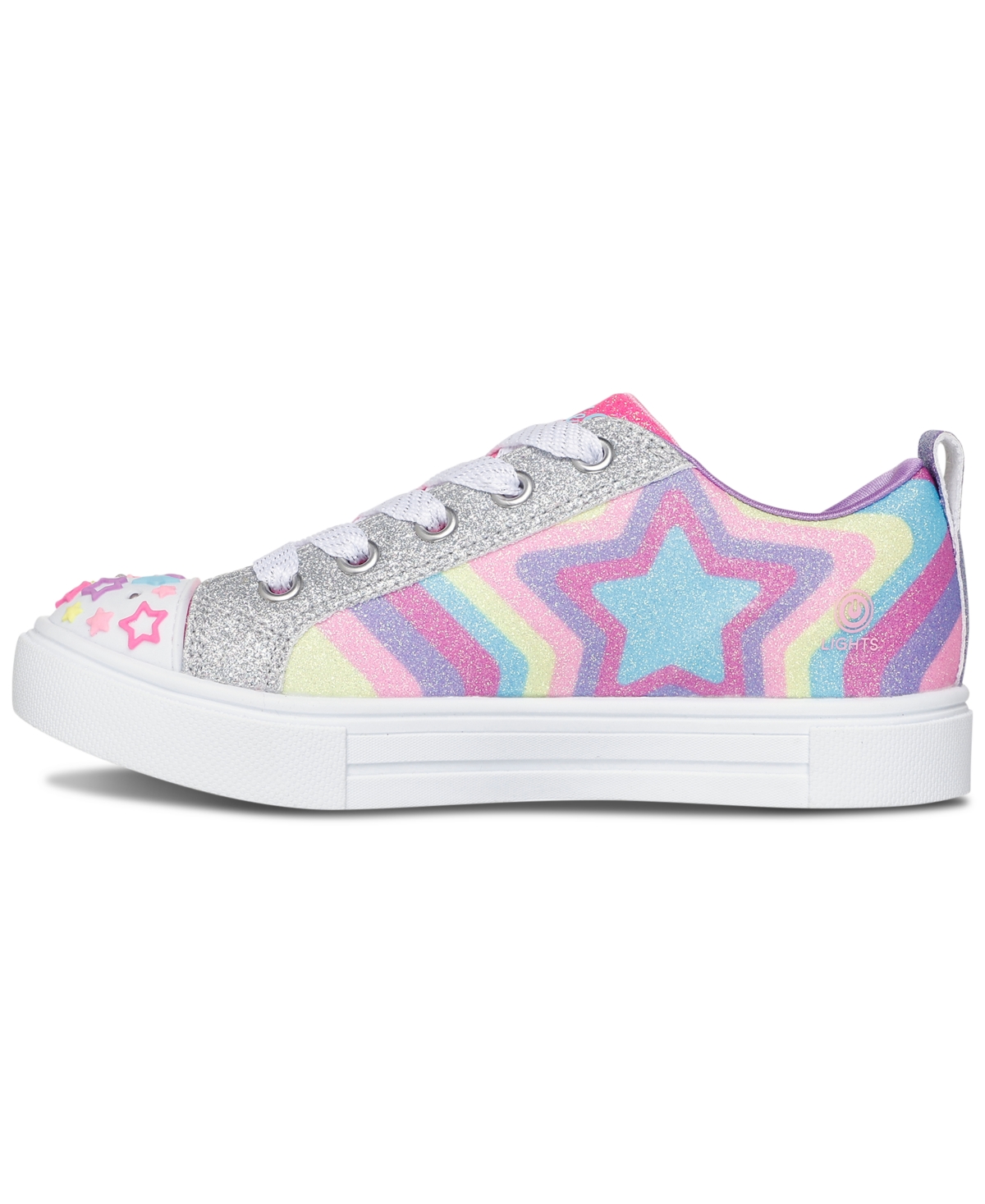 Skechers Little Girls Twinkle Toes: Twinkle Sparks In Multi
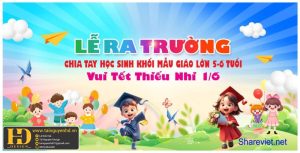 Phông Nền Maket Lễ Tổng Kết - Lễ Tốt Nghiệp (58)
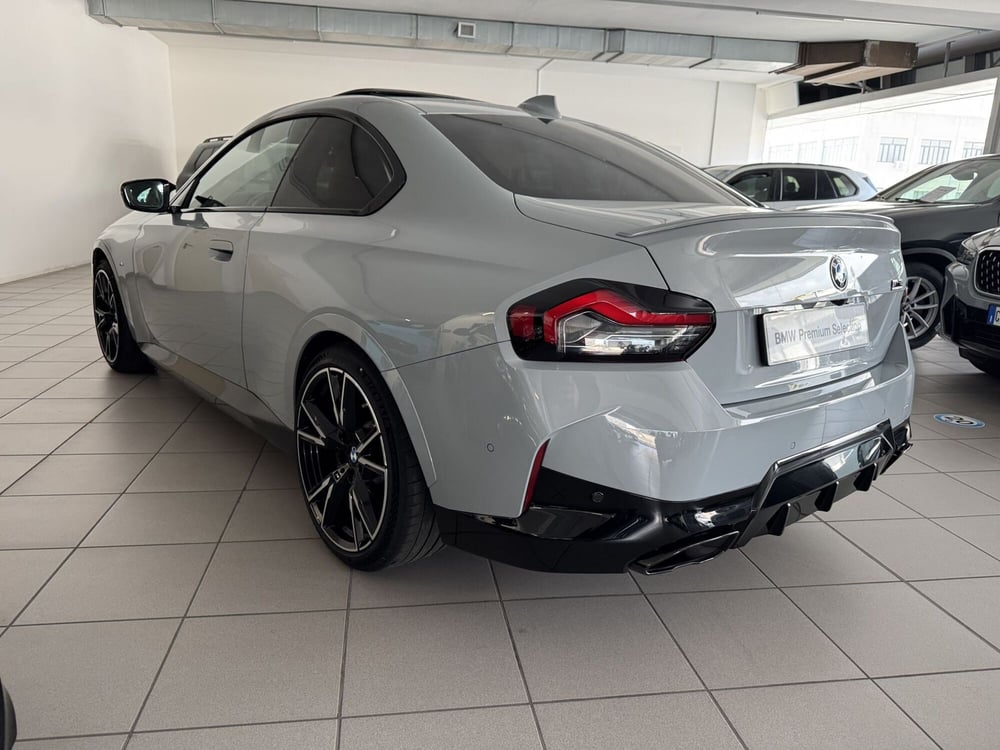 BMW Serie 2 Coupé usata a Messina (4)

**********

Aim of the task:
Write out, exactly and only, the lines from the one containing "Phông Nền Maket" through the last line of the material above. Pictures do not go in the copy.

Task output:
 Phông Nền Maket Lễ Tổng Kết - Lễ Tốt Nghiệp (58)
 BMW Serie 2 Coupé usata a Messina (4)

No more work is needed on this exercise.